# Lurchers & cats



## stevieg (17 April 2011)

Do they get on? Or do lurchers chase cats?

And could I ask the same question about greyhounds?

Dont want to sound thick but we've only ever had GSDs apart from some random JRT that came home with us one day and never really left!


----------



## Dobiegirl (17 April 2011)

Have a friend who has a greyhound wh o stays with us from time to time and is not good with cats or other furries. Thats not to say other greys  and Lurchers dont get on with cats but its all about introducing them carefully. Having said that Ive never had a Dobe who didnt want to chase cats not that I would let them.


----------



## Millyard Rejects (17 April 2011)

Many lurchers and greyhounds DO NOT chase cats,it is down to introducing them correctly. But some Do chase.
And having had lurchers who have been used for hunting it is still possible to have them living together.
My current Lurc is a pet but has been known to collect the odd rabbit for dinner but doesnt ever chase my 3 cats.


----------



## CAYLA (17 April 2011)

Not all, as suggested, they can be train to live harmoniously with cats, I have a whip and a whip x grey, a deerhound, a bull x greyhound and a shaggy bedlinton grey x and 4 cats, I also get lots of x racers cat friendly ready for their new cat habitant home outside the house they may still be fair game though
All mine have caught and killed small furrie wild animals.


----------



## lazybee (17 April 2011)

Hello,
From my own personal experience My Lurcher (RIP Alfie)didn't tolerate cats at all or squirrels, rabbits, foxes, big dogs. He was okay with small dogs though? I could never stop him chasing and sometimes catching cats (feral farm cats) the instinct in him was so strong no amount of shouting or normal puppy training worked. The problem is when they run, if they remained still he would watch them.

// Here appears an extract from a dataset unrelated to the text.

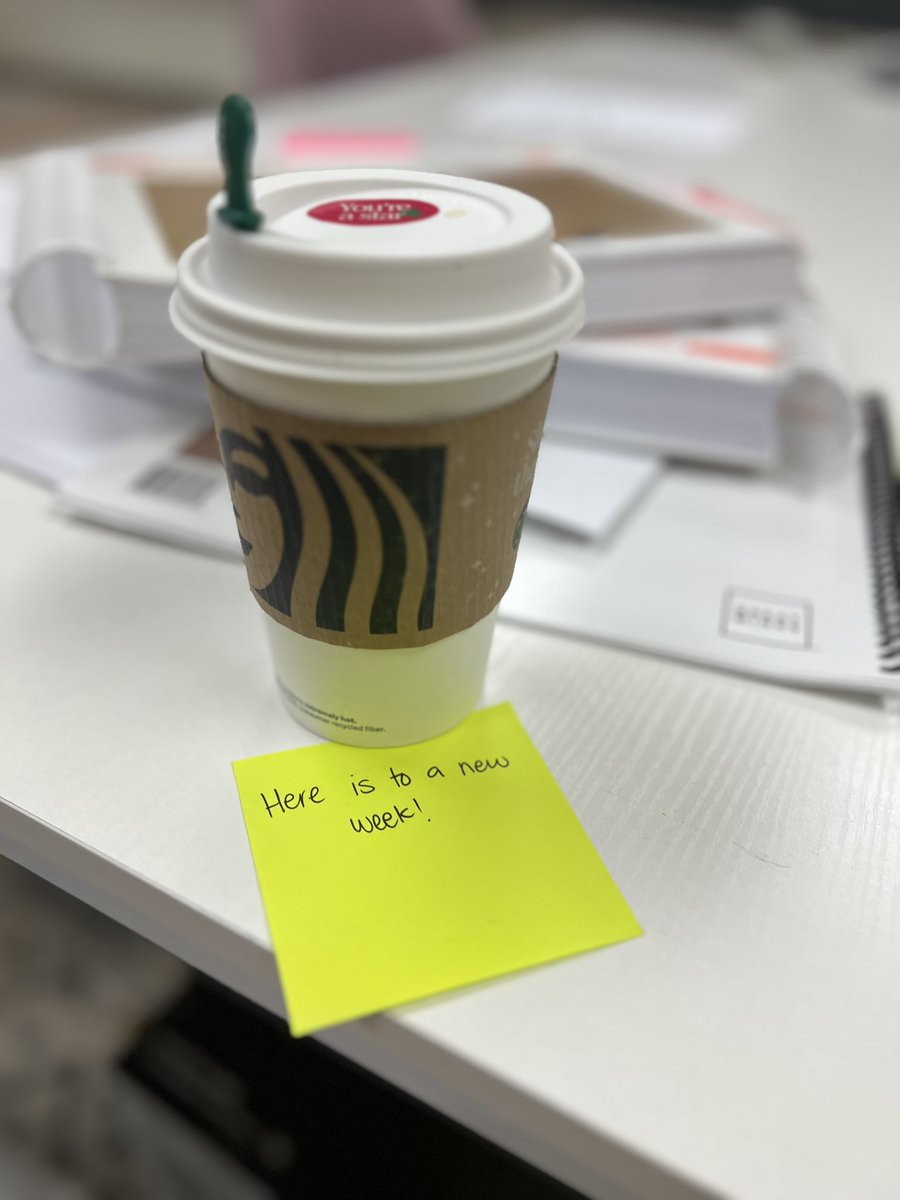 When you make it back to your office after rainy day carpool, announcements, and a quick rundown of the challenging previous week to find a warm, rich treat, you feel seen and valued. Like my mystery gifter said, “Here’s to a new week!” #betterinthebasin #littleschoolBIGheart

When I used to see him looking. I'd say NO! and turn his head away. As soon as they ran he'd be off like a heat seeking missile. It would definitely be a risk. Is it a risk you'd be prepared to take?


----------



## Foxyfilly (17 April 2011)

If you are going down the rescue route, try to find one that has assessed the
dog with cats or even better one which is in a foster home with cats!

My lurcher loved my cat but would chase any other.


----------



## CAYLA (17 April 2011)

Flick here is the only one that will attempt to chase outdoors but is happy to leave them alone in the house





Amy on the rug (and little grey cat in amongst them) and another dog I took that had already tried to kill another persons cat (had cat in his gob) and gave her a nice vet bill, the akita x shep x husky type (another high prey drive type)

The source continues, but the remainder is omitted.